This project involves the implementation of a front-end compiler in Rust for a custom Data-Analysis (DA) language. The project focuses on developing a Lexical Analyzer (Scanner) and a Syntax Analyzer (Parser) to process DA language programs. These components work together to identify and report lexical and syntax errors in the input program and generate output based on the successful analysis.
The Lexical Analyzer scans the input DA program and generates a stream of tokens. It recognizes various elements such as identifiers, numbers, keywords, and symbols based on the DA grammar. The tokens produced are then passed to the Syntax Analyzer for further processing. The scanner adheres to the "hide the head in the sand" error-handling approach, where the process halts immediately upon encountering the first lexical error.

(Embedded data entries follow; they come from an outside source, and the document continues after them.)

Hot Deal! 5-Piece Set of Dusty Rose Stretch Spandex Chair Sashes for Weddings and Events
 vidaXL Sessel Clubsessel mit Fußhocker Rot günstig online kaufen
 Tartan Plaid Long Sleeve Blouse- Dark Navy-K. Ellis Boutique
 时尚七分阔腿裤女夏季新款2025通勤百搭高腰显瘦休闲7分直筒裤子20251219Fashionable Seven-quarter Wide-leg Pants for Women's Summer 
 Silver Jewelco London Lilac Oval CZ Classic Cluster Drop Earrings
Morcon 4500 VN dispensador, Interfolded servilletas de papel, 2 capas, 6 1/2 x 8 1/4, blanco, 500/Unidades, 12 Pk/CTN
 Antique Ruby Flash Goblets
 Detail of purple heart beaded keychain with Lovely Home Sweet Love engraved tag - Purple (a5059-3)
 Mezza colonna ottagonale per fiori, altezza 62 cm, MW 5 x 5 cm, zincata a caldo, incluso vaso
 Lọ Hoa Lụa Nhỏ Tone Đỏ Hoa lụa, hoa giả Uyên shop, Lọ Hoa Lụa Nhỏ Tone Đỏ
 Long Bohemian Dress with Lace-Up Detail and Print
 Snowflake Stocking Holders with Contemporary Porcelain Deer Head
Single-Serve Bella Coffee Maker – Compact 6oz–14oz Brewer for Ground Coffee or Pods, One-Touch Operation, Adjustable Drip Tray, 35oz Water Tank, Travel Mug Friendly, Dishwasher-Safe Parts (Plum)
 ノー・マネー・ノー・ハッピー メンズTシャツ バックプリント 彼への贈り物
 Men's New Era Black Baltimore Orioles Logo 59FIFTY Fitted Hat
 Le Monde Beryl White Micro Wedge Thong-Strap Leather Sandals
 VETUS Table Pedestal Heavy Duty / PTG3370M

The Syntax Analyzer takes the token stream from the Lexical Analyzer and checks if it adheres to the rules defined in the DA grammar. If the syntax is valid, the analyzer proceeds to the next phase based on the command line flag provided. The parser also follows the "hide the head in the sand" error-handling strategy, stopping at the first detected syntax error.
Depending on the command line flag provided, the program generates one of the following outputs:
- Scheme Code (
-s
flag): The program generates Scheme code, which can be used by a Scheme interpreter to execute the operations defined in the DA program. - Prolog Queries (
-p
flag): The program generates a series of Prolog queries based on the operations specified in the DA program.
To generate Scheme output:
cargo run input.da -s
Example output:
; Processing Input File input.da
; Lexical and Syntax analysis passed
(define xvalues (read-csv "./file.csv" #f 0))
(define yvalues (read-csv "./file.csv" #f 1))
(define a (regressiona xvalues yvalues))
(define b (regressionb xvalues yvalues))
(define r (correlation xvalues yvalues))
(display "value of a = ")
(newline)
(display a)
(newline)
(display "value of b = ")
(newline)
(display b)
(newline)
(display "value of r = ")
(newline)
(display r)
(newline)
To generate Prolog output:
cargo run input.da -p
Example output:
/* Processing input file input.da
Lexical and Syntax analysis passed */
main :-
load_data_column('file.csv', false, 0, Data0),
load_data_column('file.csv', false, 1, Data1),
regressiona(Data0, Data1, A),
regressionb(Data0, Data1, B),
correlation(Data0, Data1, R),
writeln("value of a = "),
writeln(A),
writeln("value of b = "),
writeln(B),
writeln("value of r = "),
writeln(R).
The program is designed to parse a specific grammar that defines the structure of valid DA programs. The tokens include keywords like data
, input
, process
, output
, along with various operators, identifiers, and types.
The program is executed via Cargo and requires an input file and a command line flag (-s
for Scheme or -p
for Prolog). The input file should contain a DA program written according to the specified grammar.
Several test files (test0.da
to test5.da
) are included for testing purposes, with some containing deliberate lexical and syntax errors. The program is designed to handle these errors gracefully, reporting the first error encountered and halting further processing.